Voglio pensare al 2018 come all’anno della svolta in cui tutti ci siamo resi conto di quanto fosse vero il detto banale, ricco di saggezza, secondo cui i soldi non fanno la felicità, per lo meno non bastano da soli. Forse con il tempo impareremo a guardare al 2018 come all’anno della provocazione che ci ha costretto a vedere dentro di noi, a riappropriarci di noi stessi e a lasciarci alle spalle un’idea errata di politica, di economia il cui fine non è accumulare denaro, privilegiare alcuni a danno di altri, ma liberare l’umanità da ogni schiavitù, da quella lotta per la sopravvivenza che mette un popolo contro l’altro e causa lacrime e sangue.

Il 2018 potrà essere ricordato come l’anno della svolta se la politica, la cultura, la scienza, se tutti gli uomini di buona volontà, se tutti insieme, pronti a invertire la rotta, impareremo a parlare nuovi linguaggi, il linguaggio dei popoli, della democrazia, il linguaggio della condivisione e non quello dell’individualismo, il linguaggio dell’uomo e non quello della disumana sua caricatura. Il tempo della crisi non è una novità per la storia umana costretta più volte nei suoi corsi e ricorsi a fare esperienza dei cambiamenti. L’unica novità è forse la velocità globale della moderna comunicazione che lascia spazio a una diversa e più catastrofica interpretazione dell’inevitabile processo di mutamento della storia, facendo apparire la situazione attuale come un drammatico approdo.

Apocalissi iniziano e si concludono e in ogni tempo profeti dell’estinzione si affacciano sul palcoscenico del mondo ogni qualvolta il cambiamento non è stato previsto, quando i segni premonitori non sono stati colti come una provocazione tale da indurre a riflettere su un diverso e possibile stile di vita, continuando a credere che tutto possa rimanere immobile, immutabile. Di fatto, ogni crisi è intimamente espressione di un processo di mutamento, che non è necessariamente un evento negativo. Tutto sta a saper interpretare i suoi intimi significati e a avere il coraggio della profezia, la voce di chi sa guardare avanti, convinto che il tempo non sia solo prigioniero di rimpianti. Sarebbe drammatico se gli intellettuali e gli uomini di pensiero si lasciassero semplicemente travolgere dalla ruota del destino, annullando il peso della responsabilità che invece esige l’interpretazione del dato reale.

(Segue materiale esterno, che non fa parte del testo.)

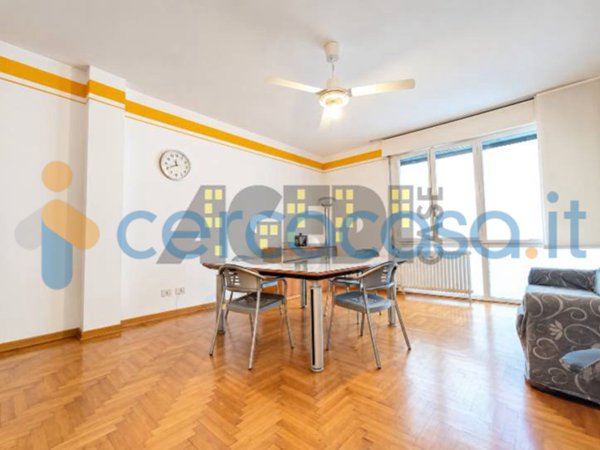 appartamento in vendita ad Edolo in zona Vico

La via di ogni liberazione passa attraverso il gioco faticoso della verità e il tempo della profezia nasce quando le parole malate, dettate dalla convinzione di essere arrivati all’approdo finale, si perdono nel silenzio assordante del nuovo che avanza, di un nuovo che non piace, che è volgare ma da cui non si deve scappare, non si può, con cui si devono fare i conti. Io non voglio morire di spread. Questo tempo non mi piace, ma è il mio tempo e per questo lotterò, ancora di più, perché la speranza ritorni a parlare.